3D Multicellular Cancer Microenvironment Platform for High-throughput Personalized Drug Screening - Acute Myeloid Leukemia (AML) and Neuroblastoma (NB) as examples
Miss CHEUNG Hoi Lam
Mphil candidate in the Mechanical Engineering Dept.
Date & Time
Wednesday, 5 May 2021
Room 7-35 and via Zoom
Cancer is the second primary cause of death worldwide. The poor therapeutic outcomes are mainly caused by the generic approaches in choosing treatment modalities. Due to tumor heterogeneity and the difficulty in optimal drug selection, there is an emerging shift towards personalized cancer treatment. Anti-cancer drugs can be rapidly screened using 3D tumoroids made up of patient’s cancer cells to provide timely results for clinicians to make decisions on patient-specific treatment regimen. However, traditional drug screening platforms based on monolayer cultures of cancer cells are non-physiological owing to the lack of the tumor microenvironment, which was found to cause resistance in therapy.
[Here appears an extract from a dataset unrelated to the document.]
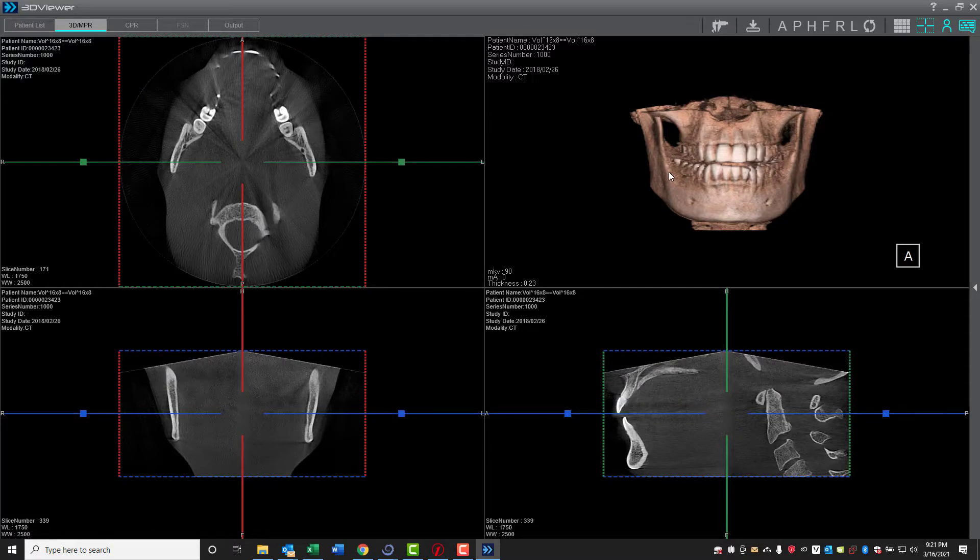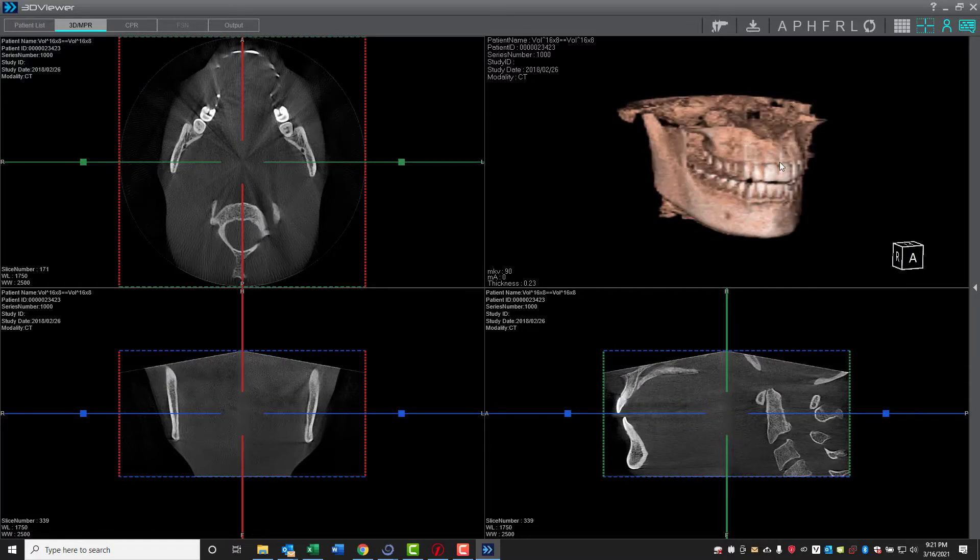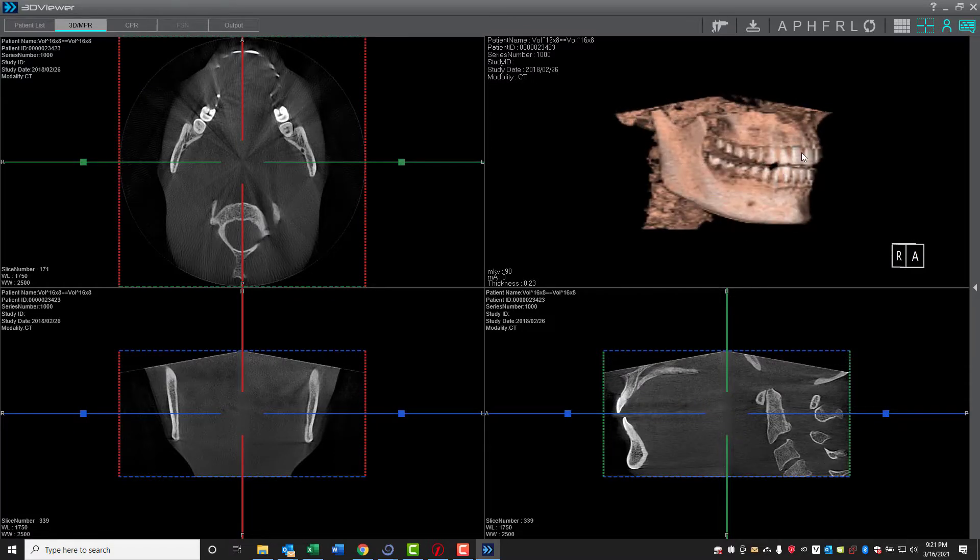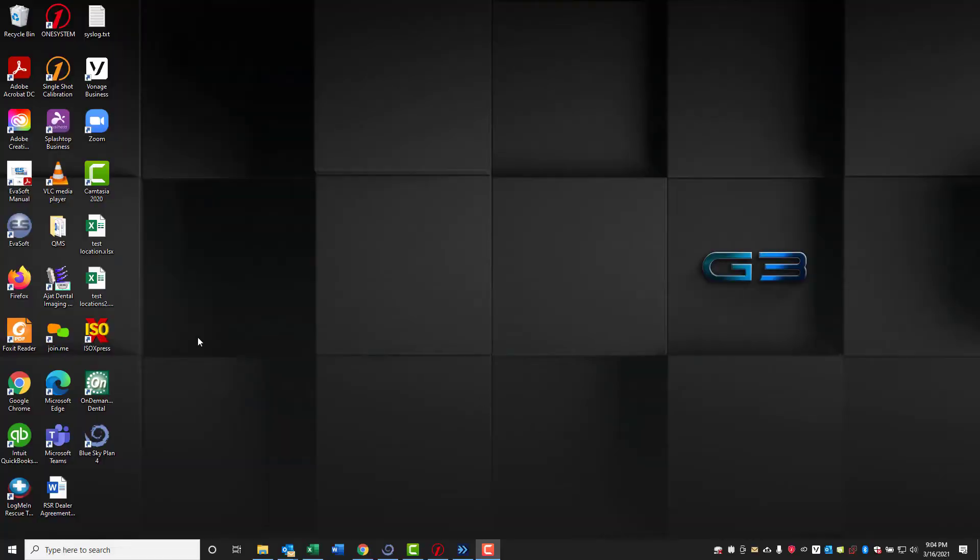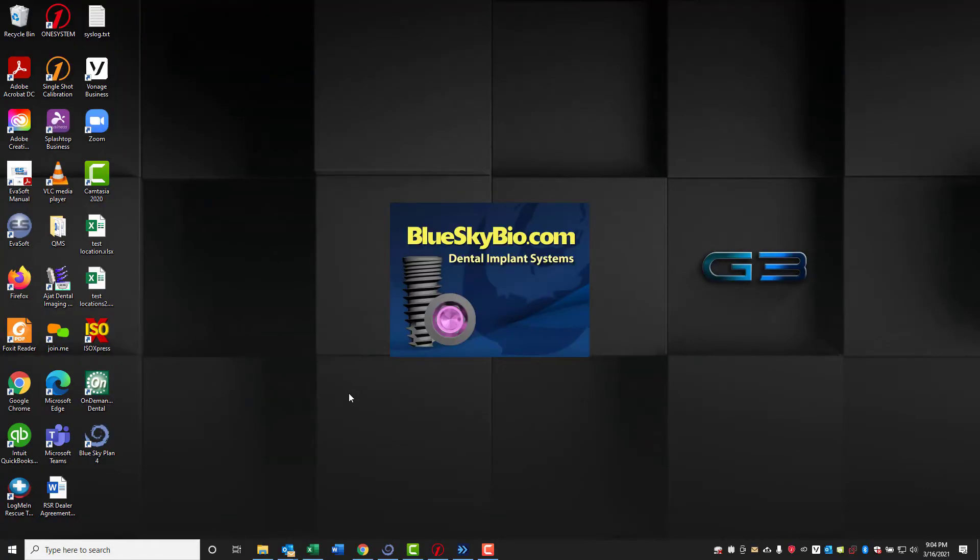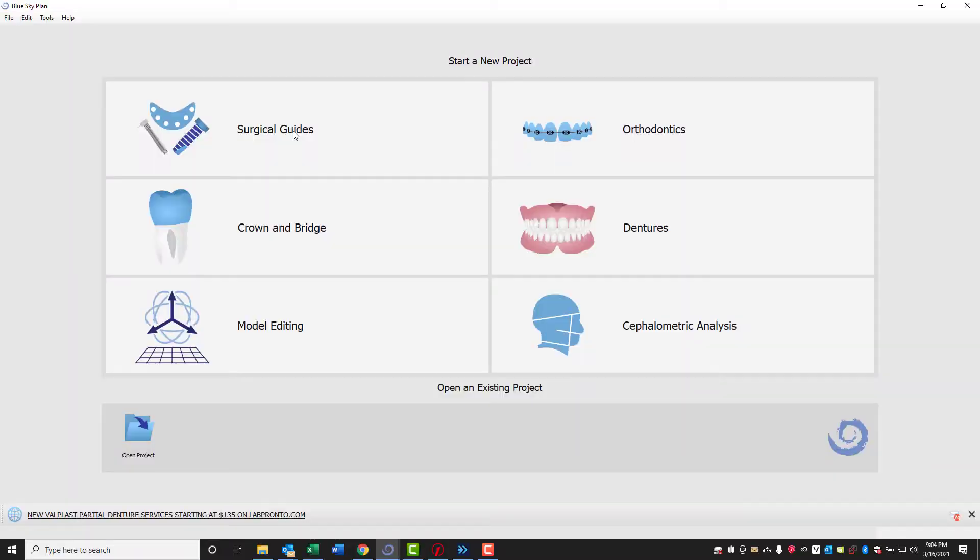We'll start by going into the ImageWorks 3D software just to show the volume that we're going to be importing. Then we'll open up our design software. In this case, we're going to do it with Blue Sky Bio, but it will work with any surgical guide design software that is able to import DICOM scans.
Our laboratory has been developing a 3D microencapsulation platform using naturally occurring extracellular matrix to fabricate physiologically relevant and extracellular matrix-based 3D microtissues including those derived from stem cells, normal somatic cells and cancer cells. In this transfer seminar, I will update the progress in using the microencapsulation platform to reconstitute tumor matrix microenvironment, using acute myeloid leukemia and neuroblastoma as examples. Specifically, miniaturized multi-cellular cancer models which are composed of primary cancer cells, stromal cells, extracellular matrix components, and/or endothelium have been fabricated and characterized. Moreover, I will discuss my plan for the PhD study in further optimizing these models and using them for high-throughput screening of cytotoxic or anti-metastatic drugs, with the ultimate goal to implement personalized medicine in the future.